What is required:
No images, please. Copy each entry below exactly as it reads.

Records from a collection:

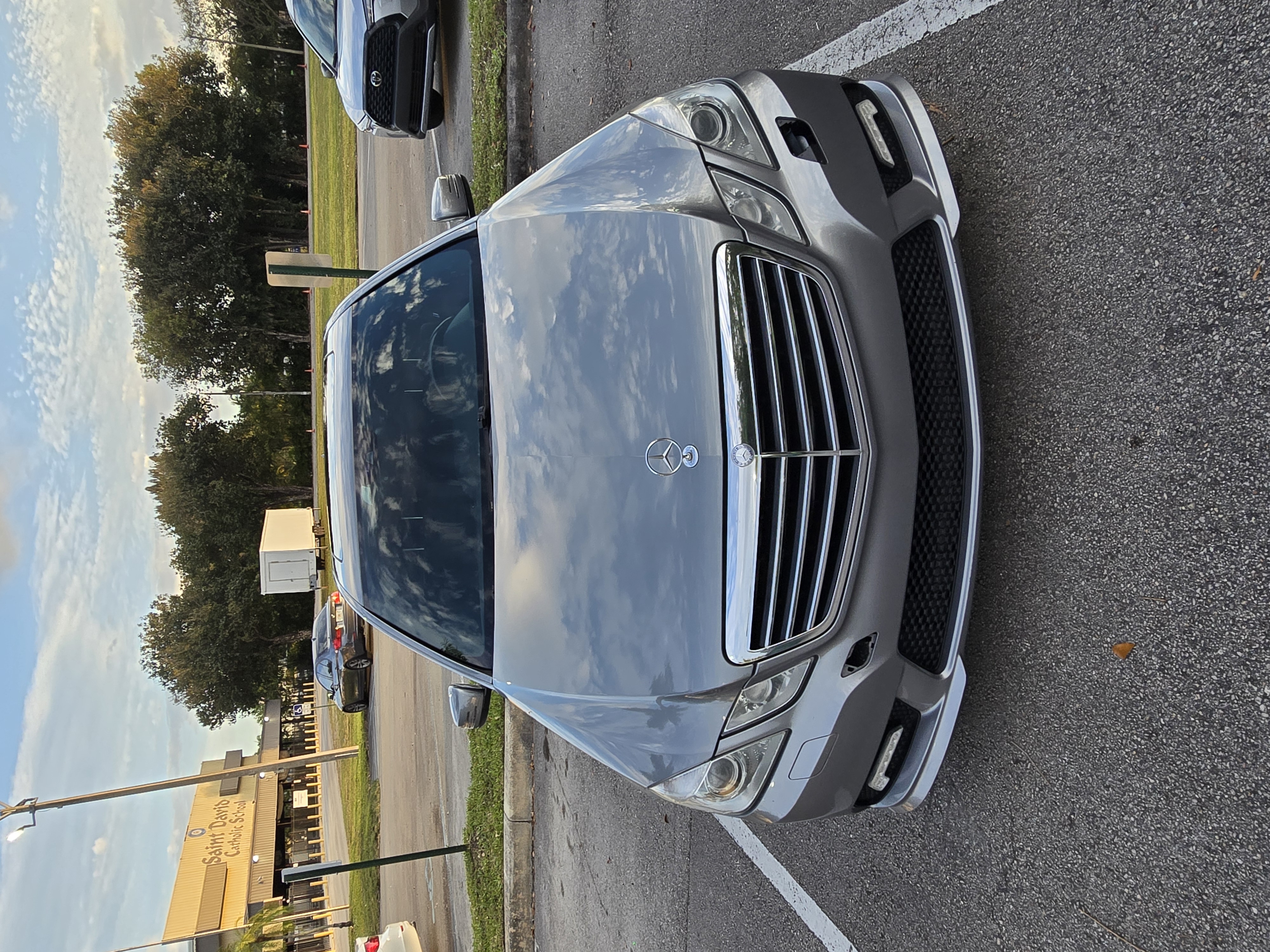 Used 2010 Mercedes-Benz E 550 Sedan image 2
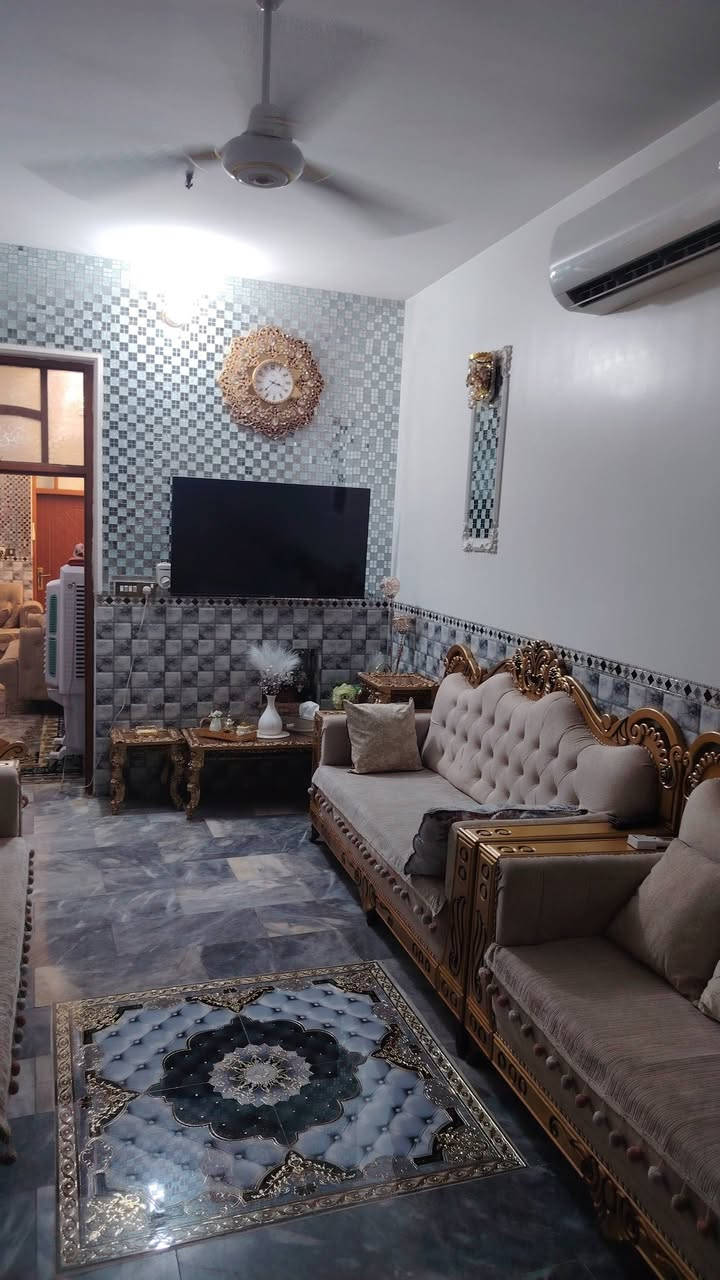 السلام عليكم 
🏠 دار للبيع حديث زراعي سند25
المساحه102م 
الوجه 6 الا ربع نزال 18 الاربع.  يتكون من طابقين
الطابق الاول 
يحتوي على غرف نوم1و صالة جلوس واستقبال ومطبخ وخدمات ومنور2
الطابق الثاني 
يحتوي على غرف نوم 2 وبلكونه وخدمات 

 العنوان .البلديات شارع الكهرباء .الفرع المقابل لمطعم طربوش 
الاستفسار ***********
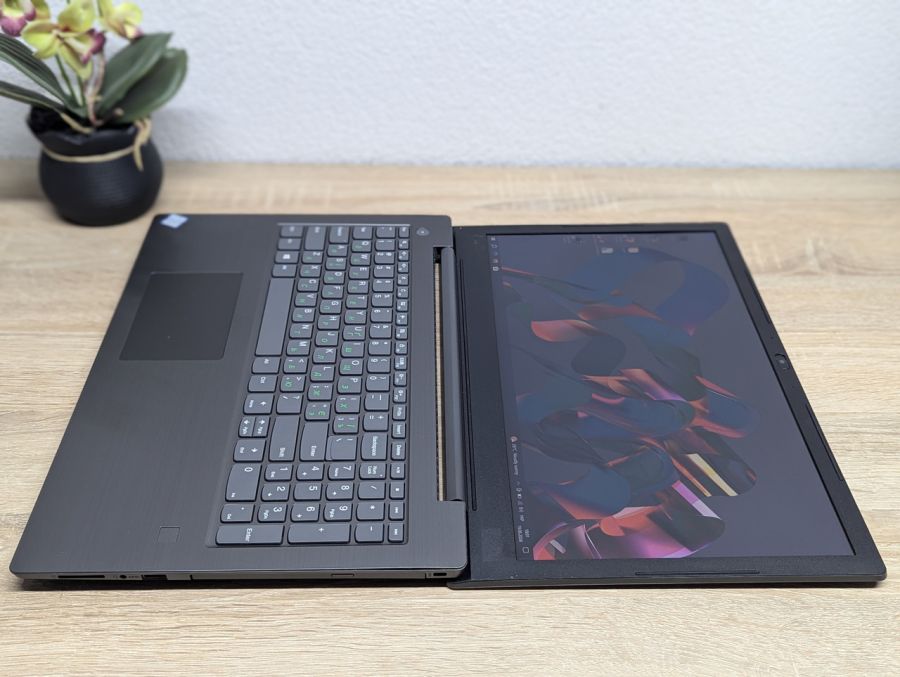 Ноутбук Б/В Lenovo V330-15IKB, Intel Core i3-7130U, DDR4 8 GB, SSD 128GB, 15.6" Full HD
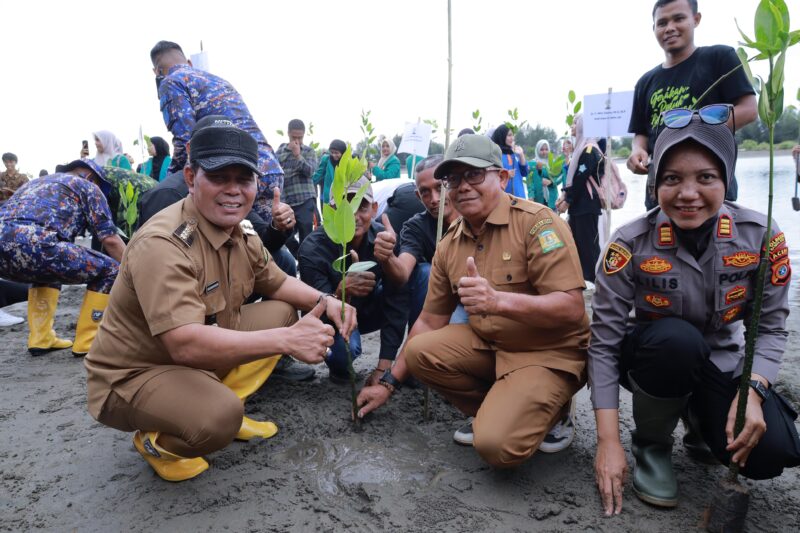 Bupati Aceh Besar H Muharram Idris melakukan penanaman manggrove dalam rangka memperingati Hari Keanekaragaman Hayati Internasional di Mon Singet, Kajhu, Kecamatan Baitulsalam, Senin ( 26/05/2025). Foto: Dok. Prokopim Pemkab Aceh Besar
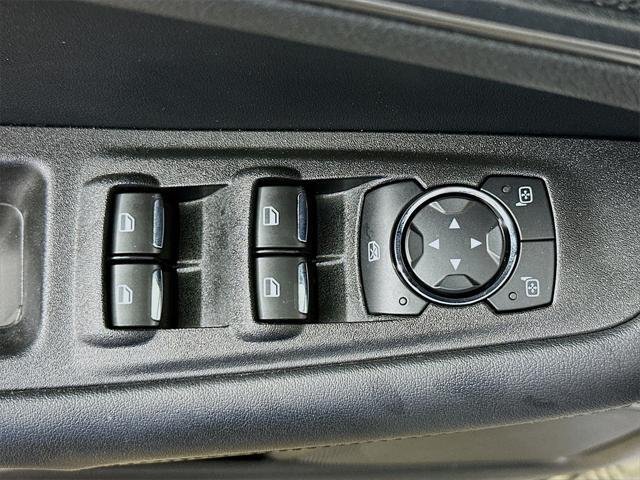 used 2021 Ford Edge car, priced at $19,900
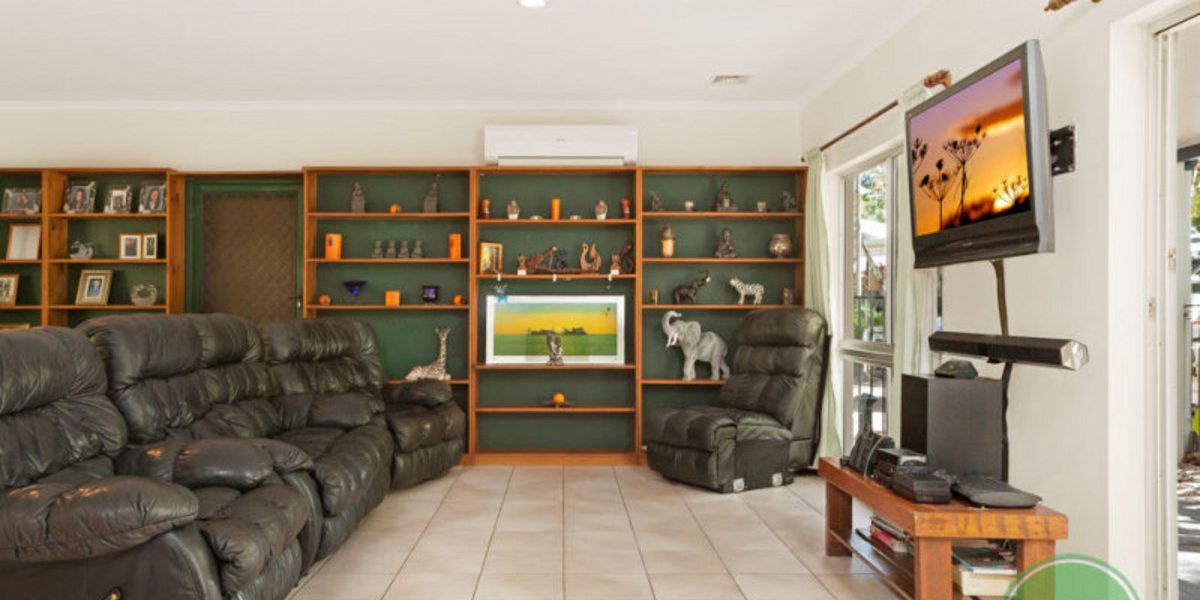 2 Torquay Close, KEWARRA BEACH, QLD 4879 AUS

Your response:
 Used 2010 Mercedes-Benz E 550 Sedan image 2
 السلام عليكم 
🏠 دار للبيع حديث زراعي سند25
المساحه102م 
الوجه 6 الا ربع نزال 18 الاربع.  يتكون من طابقين
الطابق الاول 
يحتوي على غرف نوم1و صالة جلوس واستقبال ومطبخ وخدمات ومنور2
الطابق الثاني 
يحتوي على غرف نوم 2 وبلكونه وخدمات 

 العنوان .البلديات شارع الكهرباء .الفرع المقابل لمطعم طربوش 
الاستفسار ***********
 Ноутбук Б/В Lenovo V330-15IKB, Intel Core i3-7130U, DDR4 8 GB, SSD 128GB, 15.6" Full HD
 Bupati Aceh Besar H Muharram Idris melakukan penanaman manggrove dalam rangka memperingati Hari Keanekaragaman Hayati Internasional di Mon Singet, Kajhu, Kecamatan Baitulsalam, Senin ( 26/05/2025). Foto: Dok. Prokopim Pemkab Aceh Besar
 used 2021 Ford Edge car, priced at $19,900
 2 Torquay Close, KEWARRA BEACH, QLD 4879 AUS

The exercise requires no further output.